Por Javier Urcelay
Desde su nacimiento, el Carlismo estuvo con frecuencia sometido a divisiones internas. Un rasgo no diferente, por cierto, del que ha caracterizado a otras fuerzas políticas con largo recorrido histórico -piénsese, por ejemplo, en el socialismo o en el propio conservadurismo liberal-, víctimas igualmente de ese individualismo tan típico de los españoles, siempre proclives a preferir ser cabeza de ratón que cola de león.
En el caso del Carlismo, las sucesivas derrotas militares y políticas tampoco contribuyeron a fraguar la unidad. Es bien sabido que el poder es la mejor argamasa para la coincidencia, y que la derrota y sus secuelas -persecución y marginación- no son precisamente factores que conduzcan a la armonía, sino más bien lo contrario.
Aún así, el Carlismo se unió siempre en los momentos históricos en los que se imponía la defensa in extremis de la Religión y la Patria por encima de cualquier otra consideración. Así fue en el llamado Sexenio Revolucionario -acabamos de celebrar el 150 aniversario del levantamiento carlista de 1872 para combatirlo-, y también en la Segunda República.
El Carlismo llegó al 14 de abril de 1931 desunido en varias facciones, entre las que jaimistas, integristas y mellistas eran las más importantes. Sus diferencias procedían de viejas disputas “doctrinales”, entremezcladas, como siempre, de simples o complejos personalismos.
La puesta de manifiesto del sectarismo republicano a las pocas semanas de su proclamación, con la quema de conventos, y la evidencia de los riesgos que conllevaba, animó a la búsqueda de la unidad, que se vio favorecida por el repentino fallecimiento de Don Jaime de Borbón el 2 octubre de ese año y la recaída de los derechos dinásticos en su tío Don Alfonso Carlos I, quien confirmó al marqués de Marchelina -hasta entonces jefe del jaimismo- como su jefe delegado.
El absoluto rechazo hacia la República anticlerical acercó a las tres ramas del tradicionalismo, que celebró en junio de 1931 actos públicos de asistencia masiva llamando a la reunificación de todos los carlistas.
Por fin la ansiada unidad se produjo a comienzos de 1932, con la reintegración de las tres corrientes en la Comunión Tradicionalista. La unidad permitió al Carlismo dar la batalla parlamentaria, relanzar su red de prensa, incrementar exponencialmente sus efectivos y preparar el golpe contra la República, que finalmente llevaría al Alzamiento Nacional de julio de 1936.

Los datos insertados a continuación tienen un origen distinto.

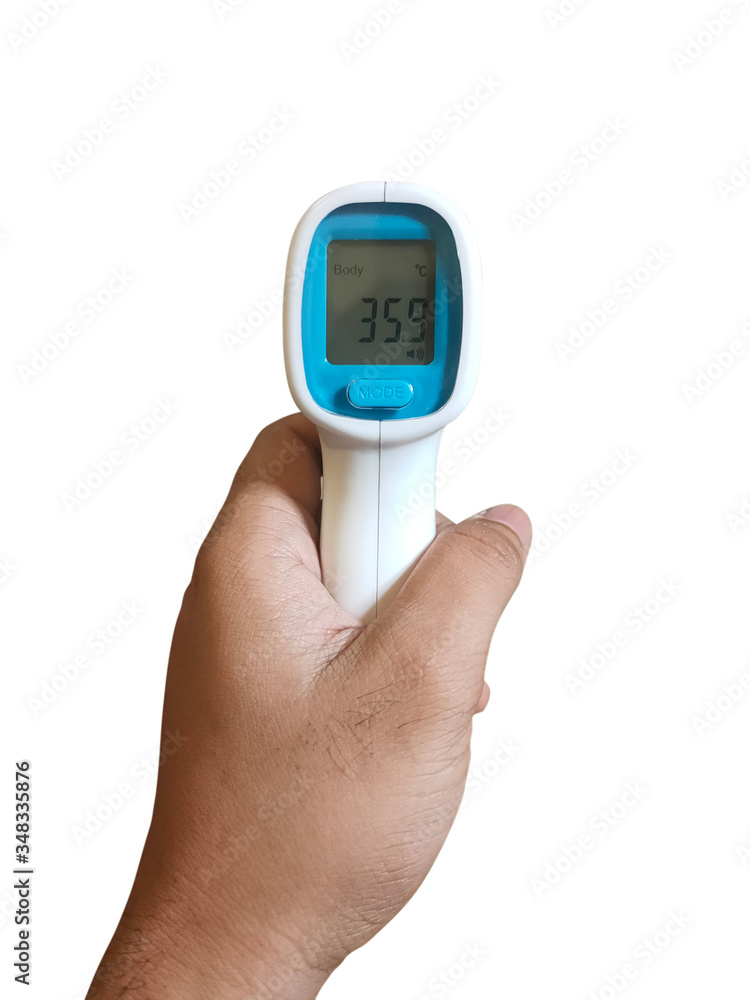 hand holding a thermometer hand holding a thermometer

Coadyuvó a hacer posible la unidad la personalidad del jefe-delegado D. José Selva Mergelina, marqués de Villores, de quien Melchor Ferrer destacó sobre todo unas prendas humanas que, sin duda, ayudarían a la concordia: «Una de las cualidades que fijan más al Marqués de Villores era su sencillez y su bondad. En esto nadie le superó. Fue siempre cariñoso con los humildes y abierto a toda comprensión».

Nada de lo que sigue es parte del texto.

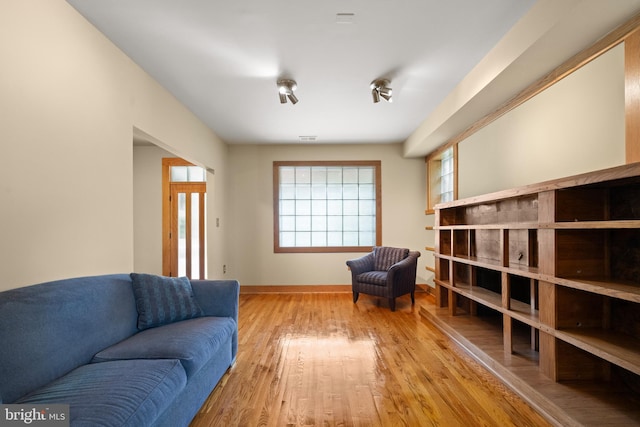 5724 4th St NW, Washington, DC 20011 - living room featuring wood finished floors and baseboards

El marqués de Villores murió el 10 de mayo de ese mismo 1932, sin apenas tiempo de ver los frutos de esa unidad lograda.
Se cumple en estos días el 90 aniversario del fallecimiento de aquel prócer carlista, ejemplo de esa disposición del corazón que hace posible el entendimiento y el acuerdo, bajo cuyo mando se recuperó la unidad de todo el tradicionalismo. Una unidad que hoy el Carlismo celebra al tiempo que añora, escindido de nuevo entre miembros de la CTC, sixtinos y carlosjavieristas de diversas sensibilidades.
Una fecha excelente para reflexionar sobre los torpes impedimentos que hoy dificultan una unidad de acción que la situación de nuestra patria demanda, y que un mínimo de visión de futuro hace indispensable, si no se quiere que lo que aún queda de Carlismo desaparezca entre pretendidas buenas razones y capillitas de personalismos.
Elevemos una oración en recuerdo de aquél buen español que fue el marqués de Villores, en el 90 aniversario de su fallecimiento, y pidamos también a Dios para que algún día, más cercano que lejano, todos los carlistas vuelvan a trabajar unidos al servicio de los viejos principios de Dios, Patria, Fueros y Rey.